Il suffit de demander à ceux qui ont de gros portefeuilles qui ont acheté dans des clubs écossais et se sont retirés avec des ego meurtris, des soldes bancaires plus légers et la cravate de club de l’année dernière.

L’instance dirigeante du football mondial, la FIFA, a pesé dans leur condamnation, mais il est impossible de sympathiser avec eux étant donné leur histoire de scandale et de corruption.

Il n’y a pas si longtemps, leur président, Sepp Blatter, et une poignée de ses copains ont été renvoyés de leurs fonctions après avoir été pris avec leurs doigts dans la FIFA jusqu’à ce que l’UEFA, l’instance en charge en Europe, continue d’introduire de nouveaux tournois. , non pas pour le bénéfice des supporters, mais pour continuer à affluer.

Il fallait s’attendre à la fureur des fans des clubs prêts à monter dans le train de la sauce, mais un jour, ils se réveilleront et reconnaîtront qu’ils sont dans l’ordre hiérarchique dans les pensées des Américains, des Russes, des Chinois, du Moyen-Orient. et les propriétaires thaïlandais des équipes qu’ils suivent.

Les «  excuses  » de Sturgeon un peu tard à venir

L’aveu récent de Nicola Sturgeon (avec le recul, dit-elle) qu’elle a commis une erreur en déchargeant des personnes âgées des hôpitaux vers des maisons de soins au début de la crise Covid, est une percée.

Nous n’avons en fait pas entendu d’excuses, même si nous pouvons être sûrs de ce que les proches des 3400 personnes décédées, peut-être inutilement, ressentiront cette «erreur».

Mais pourquoi a-t-il fallu si longtemps à Mme Sturgeon pour offrir son mea culpa?

Maintenant qu’il est temps de se confesser, quand va-t-elle dévoiler son âme sur ses décisions concernant tout un catalogue d’échecs au cours de ses sept années à la tête de Holyrood?

Ou allons-nous entendre l’habituel «nous apprendrons de nos erreurs» alors qu’on nous demande d’avaler la prochaine vague de promesses pré-électorales?

Pendant ce temps, le dirigeant travailliste écossais Anas Sarwar s’engage à nouveau à faire quelque chose contre les Aberdeen Nine, qui restent actuellement dans les limbes politiques alors qu’ils purgent une suspension par leur parti pour avoir rejoint leurs collègues conservateurs dans le cadre de l’administration du conseil municipal d’Aberdeen.

J’ai le sentiment que Sarwar attendra simplement que le siège social de Londres lève l’interdiction avant de dire: «J’avais l’intention d’intervenir. Je n’avais tout simplement pas le temps.

S’il s’était senti suffisamment convaincu à ce sujet, il aurait dû maintenant fléchir ses muscles de leadership écossais.
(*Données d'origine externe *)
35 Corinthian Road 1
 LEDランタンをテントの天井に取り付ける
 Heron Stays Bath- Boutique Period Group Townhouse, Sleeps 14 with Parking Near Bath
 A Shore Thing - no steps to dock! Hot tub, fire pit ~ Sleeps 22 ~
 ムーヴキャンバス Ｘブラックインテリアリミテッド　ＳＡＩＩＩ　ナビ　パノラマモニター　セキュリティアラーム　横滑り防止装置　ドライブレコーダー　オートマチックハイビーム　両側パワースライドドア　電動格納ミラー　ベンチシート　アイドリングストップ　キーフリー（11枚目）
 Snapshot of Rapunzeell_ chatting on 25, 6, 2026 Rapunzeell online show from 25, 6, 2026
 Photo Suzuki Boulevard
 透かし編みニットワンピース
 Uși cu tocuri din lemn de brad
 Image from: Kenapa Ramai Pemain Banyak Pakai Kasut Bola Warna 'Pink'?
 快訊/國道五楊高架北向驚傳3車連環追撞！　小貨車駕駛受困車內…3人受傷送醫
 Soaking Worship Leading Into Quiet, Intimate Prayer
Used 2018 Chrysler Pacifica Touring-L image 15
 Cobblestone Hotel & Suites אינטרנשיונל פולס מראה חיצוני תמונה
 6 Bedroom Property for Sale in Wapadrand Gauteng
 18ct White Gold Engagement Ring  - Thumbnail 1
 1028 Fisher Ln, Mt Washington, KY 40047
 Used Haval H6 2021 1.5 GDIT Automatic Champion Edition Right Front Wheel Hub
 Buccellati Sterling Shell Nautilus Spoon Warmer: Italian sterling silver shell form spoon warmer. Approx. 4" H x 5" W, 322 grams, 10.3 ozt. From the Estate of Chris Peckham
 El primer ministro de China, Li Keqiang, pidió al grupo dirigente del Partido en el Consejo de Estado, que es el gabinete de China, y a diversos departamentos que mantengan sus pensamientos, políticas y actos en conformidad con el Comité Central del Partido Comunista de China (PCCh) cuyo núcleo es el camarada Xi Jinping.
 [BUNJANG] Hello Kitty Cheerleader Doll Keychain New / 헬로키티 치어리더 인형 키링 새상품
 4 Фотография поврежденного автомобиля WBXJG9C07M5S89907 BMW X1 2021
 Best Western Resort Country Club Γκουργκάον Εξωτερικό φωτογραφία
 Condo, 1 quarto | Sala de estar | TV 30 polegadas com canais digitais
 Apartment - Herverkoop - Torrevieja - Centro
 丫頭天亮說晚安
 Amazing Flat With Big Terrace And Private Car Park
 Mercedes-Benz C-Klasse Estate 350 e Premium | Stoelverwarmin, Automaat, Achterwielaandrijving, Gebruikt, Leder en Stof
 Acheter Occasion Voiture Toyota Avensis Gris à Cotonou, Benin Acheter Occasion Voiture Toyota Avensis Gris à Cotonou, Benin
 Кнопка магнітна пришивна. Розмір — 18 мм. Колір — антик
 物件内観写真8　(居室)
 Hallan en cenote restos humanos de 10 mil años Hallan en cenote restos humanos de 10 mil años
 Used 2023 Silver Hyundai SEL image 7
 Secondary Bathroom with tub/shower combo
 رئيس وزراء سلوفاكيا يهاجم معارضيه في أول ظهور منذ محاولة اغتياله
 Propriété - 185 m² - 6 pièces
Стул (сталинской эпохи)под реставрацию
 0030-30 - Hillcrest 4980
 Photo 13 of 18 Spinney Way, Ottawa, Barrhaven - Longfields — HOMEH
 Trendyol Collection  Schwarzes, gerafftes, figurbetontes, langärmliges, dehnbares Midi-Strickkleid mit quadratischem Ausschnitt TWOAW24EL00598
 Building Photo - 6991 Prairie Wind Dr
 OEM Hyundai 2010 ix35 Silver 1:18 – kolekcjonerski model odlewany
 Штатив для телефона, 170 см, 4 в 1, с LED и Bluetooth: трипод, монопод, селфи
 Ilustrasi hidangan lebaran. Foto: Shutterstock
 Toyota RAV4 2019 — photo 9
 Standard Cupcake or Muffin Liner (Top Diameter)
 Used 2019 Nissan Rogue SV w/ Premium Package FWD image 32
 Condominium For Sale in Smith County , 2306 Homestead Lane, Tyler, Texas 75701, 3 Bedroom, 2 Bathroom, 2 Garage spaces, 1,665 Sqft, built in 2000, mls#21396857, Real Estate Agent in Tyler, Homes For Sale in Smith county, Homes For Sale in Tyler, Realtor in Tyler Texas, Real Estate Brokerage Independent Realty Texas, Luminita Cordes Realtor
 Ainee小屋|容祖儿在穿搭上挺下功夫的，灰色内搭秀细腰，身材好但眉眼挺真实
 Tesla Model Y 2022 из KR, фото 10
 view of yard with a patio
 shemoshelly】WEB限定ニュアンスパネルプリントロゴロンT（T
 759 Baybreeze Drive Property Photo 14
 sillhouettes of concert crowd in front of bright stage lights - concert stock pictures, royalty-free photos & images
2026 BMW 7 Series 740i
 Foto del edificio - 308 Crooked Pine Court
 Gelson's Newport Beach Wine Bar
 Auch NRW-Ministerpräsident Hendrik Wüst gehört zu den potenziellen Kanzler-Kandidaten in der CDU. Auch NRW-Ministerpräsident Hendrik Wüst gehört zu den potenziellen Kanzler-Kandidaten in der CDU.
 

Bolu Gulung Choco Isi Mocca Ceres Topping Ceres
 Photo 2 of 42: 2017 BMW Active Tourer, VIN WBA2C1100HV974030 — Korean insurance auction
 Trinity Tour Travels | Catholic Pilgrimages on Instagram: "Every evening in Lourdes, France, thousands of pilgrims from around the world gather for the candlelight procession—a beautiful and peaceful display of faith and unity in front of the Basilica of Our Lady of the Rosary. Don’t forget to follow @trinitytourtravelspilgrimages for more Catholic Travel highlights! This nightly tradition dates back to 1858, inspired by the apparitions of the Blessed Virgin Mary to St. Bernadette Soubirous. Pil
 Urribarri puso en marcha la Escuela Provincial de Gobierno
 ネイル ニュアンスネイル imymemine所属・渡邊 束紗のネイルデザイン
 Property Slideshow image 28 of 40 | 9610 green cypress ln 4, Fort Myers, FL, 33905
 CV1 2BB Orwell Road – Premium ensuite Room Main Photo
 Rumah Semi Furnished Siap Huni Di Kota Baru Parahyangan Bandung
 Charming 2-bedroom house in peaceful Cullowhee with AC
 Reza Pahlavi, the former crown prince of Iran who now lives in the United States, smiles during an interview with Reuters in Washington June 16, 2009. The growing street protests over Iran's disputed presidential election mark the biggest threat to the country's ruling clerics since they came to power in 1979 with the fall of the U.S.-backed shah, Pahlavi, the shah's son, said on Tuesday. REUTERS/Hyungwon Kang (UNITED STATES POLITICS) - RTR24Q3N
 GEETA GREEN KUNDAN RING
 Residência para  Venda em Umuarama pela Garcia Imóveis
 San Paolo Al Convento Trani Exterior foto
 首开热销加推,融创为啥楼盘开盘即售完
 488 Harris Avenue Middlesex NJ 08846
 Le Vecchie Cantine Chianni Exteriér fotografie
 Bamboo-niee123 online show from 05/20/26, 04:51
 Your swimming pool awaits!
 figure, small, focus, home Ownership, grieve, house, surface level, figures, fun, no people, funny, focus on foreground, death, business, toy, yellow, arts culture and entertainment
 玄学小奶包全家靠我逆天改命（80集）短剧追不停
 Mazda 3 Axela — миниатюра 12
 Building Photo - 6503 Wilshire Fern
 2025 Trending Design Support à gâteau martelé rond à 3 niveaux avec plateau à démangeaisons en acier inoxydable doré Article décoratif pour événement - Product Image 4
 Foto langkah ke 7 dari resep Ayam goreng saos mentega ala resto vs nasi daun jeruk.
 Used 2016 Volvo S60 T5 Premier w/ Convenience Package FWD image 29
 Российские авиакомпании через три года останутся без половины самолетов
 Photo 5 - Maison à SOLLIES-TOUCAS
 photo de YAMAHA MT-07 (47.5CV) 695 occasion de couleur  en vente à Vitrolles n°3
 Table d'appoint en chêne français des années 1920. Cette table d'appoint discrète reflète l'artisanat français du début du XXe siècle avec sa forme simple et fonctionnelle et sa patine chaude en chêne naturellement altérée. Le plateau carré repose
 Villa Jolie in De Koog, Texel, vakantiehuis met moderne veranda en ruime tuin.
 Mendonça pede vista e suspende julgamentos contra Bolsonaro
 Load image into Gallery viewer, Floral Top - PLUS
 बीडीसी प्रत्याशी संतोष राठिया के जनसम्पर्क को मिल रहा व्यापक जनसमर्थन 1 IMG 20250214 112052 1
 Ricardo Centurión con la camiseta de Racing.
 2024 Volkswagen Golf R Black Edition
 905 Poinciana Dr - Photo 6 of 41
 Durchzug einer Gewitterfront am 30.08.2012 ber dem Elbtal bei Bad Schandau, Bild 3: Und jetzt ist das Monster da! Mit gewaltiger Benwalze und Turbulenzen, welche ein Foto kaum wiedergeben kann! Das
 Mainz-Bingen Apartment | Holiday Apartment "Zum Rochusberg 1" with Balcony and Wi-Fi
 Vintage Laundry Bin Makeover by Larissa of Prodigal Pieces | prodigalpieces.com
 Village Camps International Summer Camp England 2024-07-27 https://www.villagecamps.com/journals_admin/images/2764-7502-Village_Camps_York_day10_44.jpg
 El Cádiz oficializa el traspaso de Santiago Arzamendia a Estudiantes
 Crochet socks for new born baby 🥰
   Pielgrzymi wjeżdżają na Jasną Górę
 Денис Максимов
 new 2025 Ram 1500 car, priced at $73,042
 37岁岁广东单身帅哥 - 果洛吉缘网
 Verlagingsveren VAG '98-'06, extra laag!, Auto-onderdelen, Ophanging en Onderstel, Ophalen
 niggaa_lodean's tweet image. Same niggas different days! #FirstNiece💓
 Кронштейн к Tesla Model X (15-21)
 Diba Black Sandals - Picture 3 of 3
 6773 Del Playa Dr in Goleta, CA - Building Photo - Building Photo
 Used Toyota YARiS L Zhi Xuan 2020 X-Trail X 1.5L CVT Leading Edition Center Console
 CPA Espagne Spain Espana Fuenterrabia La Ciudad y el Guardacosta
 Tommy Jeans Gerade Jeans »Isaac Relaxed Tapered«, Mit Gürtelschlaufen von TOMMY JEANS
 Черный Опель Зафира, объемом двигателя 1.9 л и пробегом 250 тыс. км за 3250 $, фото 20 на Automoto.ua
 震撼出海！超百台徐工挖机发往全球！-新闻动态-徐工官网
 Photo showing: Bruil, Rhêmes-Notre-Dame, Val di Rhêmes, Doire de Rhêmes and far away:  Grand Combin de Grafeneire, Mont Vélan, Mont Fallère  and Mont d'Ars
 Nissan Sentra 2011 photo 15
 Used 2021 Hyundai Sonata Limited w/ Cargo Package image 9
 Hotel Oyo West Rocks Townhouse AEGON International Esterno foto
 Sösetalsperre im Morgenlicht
Les Aberdoniens veulent dire? Je repose mon cas, m’lud

Vous souvenez-vous de la vieille blague sur les endroits aussi déserts que Union Street un jour de drapeau?

Il vaut mieux parler à quelqu’un qui se souvient de cette caractérisation de la méchanceté des Aberdoniens.

Il existe maintenant une version du 21e siècle du bâillon.

La circulation à Bridge of Don, où les conducteurs faisaient la queue pour une tasse de café Costa pour marquer le demi-siècle de la chaîne, a provoqué des embouteillages et prouvé que les citoyens de Granite City peuvent être aussi agrippants qu’Ebeneezer Scrooge sous stéroïdes.

Si Glasgow est «No Mean City», Aberdeen est la «ville la plus étroite».